MADRID – Het 20-jarig bestaan van de Spaanse veiligheidsdienst CNI had deze vrijdag een feestje moeten worden maar het spionageschandaal in Spanje heeft dat feestje veranderd in een nachtmerrie voor de dienst maar meer nog voor de directrice. Zowel zij als de verantwoordelijke minister van Defensie liggen onder vuur vanwege de spionage van Catalaanse politici met het Pegasus-programma.
20 jaar geleden op 6 mei 2002 werd het Centro Nacional de Inteligencia (CNI) opgericht, zeg maar zoiets als de Nederlandse Algemene Inlichtingen- en Veiligheidsdienst (AIVD) of de Belgische Veiligheid van de Staat (VSSE). Het ging om een modernere versie van het reeds in 1977 opgerichte Centro Superior de Información de la Defensa (CESID). Het waren de twee politieke partijen PP en PSOE die het CNI hebben opgericht als onderdeel van het Ministerie van Defensie.

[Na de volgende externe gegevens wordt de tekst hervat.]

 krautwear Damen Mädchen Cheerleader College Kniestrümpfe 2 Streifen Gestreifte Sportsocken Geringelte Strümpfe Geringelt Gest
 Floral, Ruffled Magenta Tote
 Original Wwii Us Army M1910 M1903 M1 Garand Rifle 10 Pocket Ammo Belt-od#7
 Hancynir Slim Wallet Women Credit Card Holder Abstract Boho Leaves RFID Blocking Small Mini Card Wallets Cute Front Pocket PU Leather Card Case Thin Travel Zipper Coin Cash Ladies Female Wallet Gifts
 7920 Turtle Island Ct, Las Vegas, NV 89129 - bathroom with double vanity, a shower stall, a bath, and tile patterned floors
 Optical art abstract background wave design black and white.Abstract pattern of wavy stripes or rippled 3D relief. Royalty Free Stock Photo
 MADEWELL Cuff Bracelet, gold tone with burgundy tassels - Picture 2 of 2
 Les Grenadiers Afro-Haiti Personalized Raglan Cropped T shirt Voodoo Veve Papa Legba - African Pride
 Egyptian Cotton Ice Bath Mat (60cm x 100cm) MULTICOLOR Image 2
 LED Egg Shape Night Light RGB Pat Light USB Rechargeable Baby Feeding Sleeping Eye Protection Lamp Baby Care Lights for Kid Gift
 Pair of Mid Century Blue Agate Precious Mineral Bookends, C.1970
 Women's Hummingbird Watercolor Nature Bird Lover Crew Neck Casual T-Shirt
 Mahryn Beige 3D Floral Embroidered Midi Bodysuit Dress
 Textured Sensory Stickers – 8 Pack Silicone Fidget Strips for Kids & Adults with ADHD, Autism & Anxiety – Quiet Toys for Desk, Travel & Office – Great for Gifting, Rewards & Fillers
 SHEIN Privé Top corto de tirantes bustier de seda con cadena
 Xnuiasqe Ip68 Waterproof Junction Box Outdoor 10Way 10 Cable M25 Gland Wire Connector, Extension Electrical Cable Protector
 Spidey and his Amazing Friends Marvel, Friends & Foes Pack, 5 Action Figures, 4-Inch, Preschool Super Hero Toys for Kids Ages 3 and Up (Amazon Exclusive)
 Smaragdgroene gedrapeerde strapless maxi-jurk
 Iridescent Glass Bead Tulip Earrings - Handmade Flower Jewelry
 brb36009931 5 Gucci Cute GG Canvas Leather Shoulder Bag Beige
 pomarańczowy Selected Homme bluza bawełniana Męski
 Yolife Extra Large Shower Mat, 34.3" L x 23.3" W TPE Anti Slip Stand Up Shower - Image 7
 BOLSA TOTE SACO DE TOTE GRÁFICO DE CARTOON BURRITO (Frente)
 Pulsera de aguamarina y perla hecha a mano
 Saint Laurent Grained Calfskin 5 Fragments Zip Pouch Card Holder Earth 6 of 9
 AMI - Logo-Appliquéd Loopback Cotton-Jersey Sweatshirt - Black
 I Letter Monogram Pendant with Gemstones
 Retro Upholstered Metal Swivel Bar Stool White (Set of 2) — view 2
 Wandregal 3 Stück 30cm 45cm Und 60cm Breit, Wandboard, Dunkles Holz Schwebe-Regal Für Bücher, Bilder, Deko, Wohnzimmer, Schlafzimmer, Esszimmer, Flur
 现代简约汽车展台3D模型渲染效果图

De CNI is de verantwoordelijke overheidsinstantie die de premier van Spanje en de regering voorziet van de benodigde informatie, analyse, studies of voorstellen om te voorkomen dat gevaar, bedreiging of agressie tegen de onafhankelijkheid of integriteit van Spanje en de territoriale gebieden, nationale belangen en de stabiliteit van de rechtsstaat en haar instellingen in gevaar brengen.
In 2020 werd Paz Esteban López de eerste vrouwelijke directeur van het CNI. Zij werd benoemd door de tevens vrouwelijke minister van Defensie Margarita Robles. En op dit moment zijn deze twee vrouwen ook het onderwerp van politiek gesprek waarbij diverse politieke partijen eisen dat beide vrouwen of een van de twee opstapt vanwege het spionageschandaal in Spanje.
Terwijl 2022 dus een jubileumjaar had moeten worden is dat inmiddels uitgegroeid tot een recente periode van kopzorgen voor het Ministerie van Defensie, de regering en premier van Spanje.